True friends are some of life’s greatest treasures. True friends are like solar eclipses. They don’t happen very often, and you have to be in the right place at the right time to experience them. But when committed friendship is experienced, as with a solar eclipse, our perception of everything around us changes.
Often, I have heard the lament, “I don’t have many friends.” If we are talking about the kind of friend who cheerfully commits to helping at the most inconvenient times in the most sacrificial ways, nobody has “many” of those. A person may have two or three, but most will do well to have one true friend. The confusion comes from how we use the word “friend.” We use the word “love” for desserts and for our children. Same word, but entirely different experience.
True friends are resilient. Solomon described it this way, “At all times, the friend loves.” (Prov.17:17 my translation) The Hebrew has the definite article “the” attached to the word “friend.” Not “a” friend, but “the at all times” friend is an experience worth the investment.

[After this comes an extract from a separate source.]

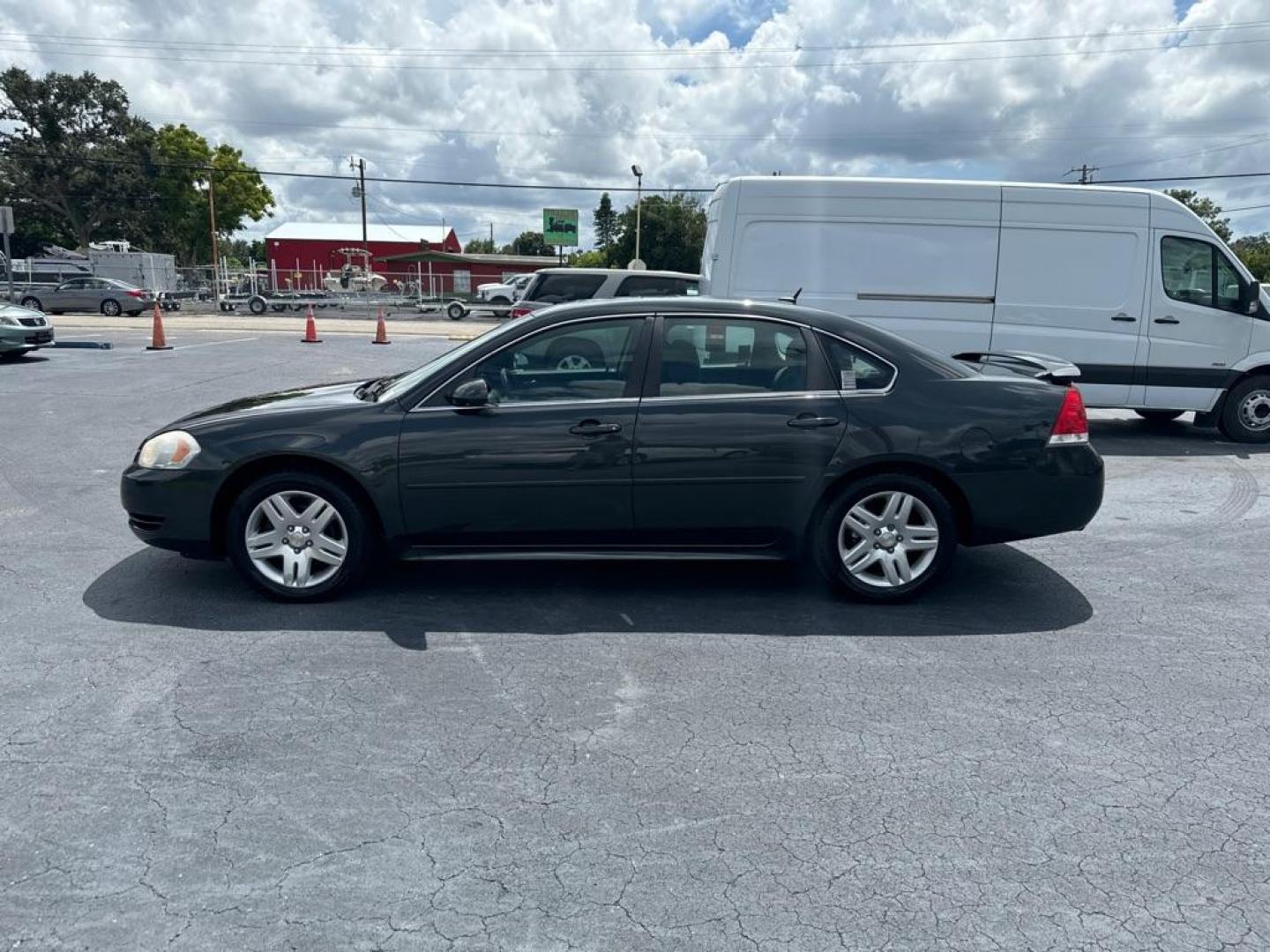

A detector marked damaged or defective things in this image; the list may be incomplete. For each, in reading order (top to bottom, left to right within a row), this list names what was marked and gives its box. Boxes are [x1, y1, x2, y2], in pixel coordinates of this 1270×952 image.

cracked pavement [2, 332, 1270, 949]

What kind of investment produces such friendship? They tend to start with a natural connection point. Without commonality, there is no meaningful connection. But that is only the starting point. Time and effort invested, mostly in combined efforts toward valued causes, is the fertile soil from which true friends spring. Trial by fire tempers the most solid relationships. Only a few friends turn out to be “the friend” that loves at all times. The hits are worth all the misses.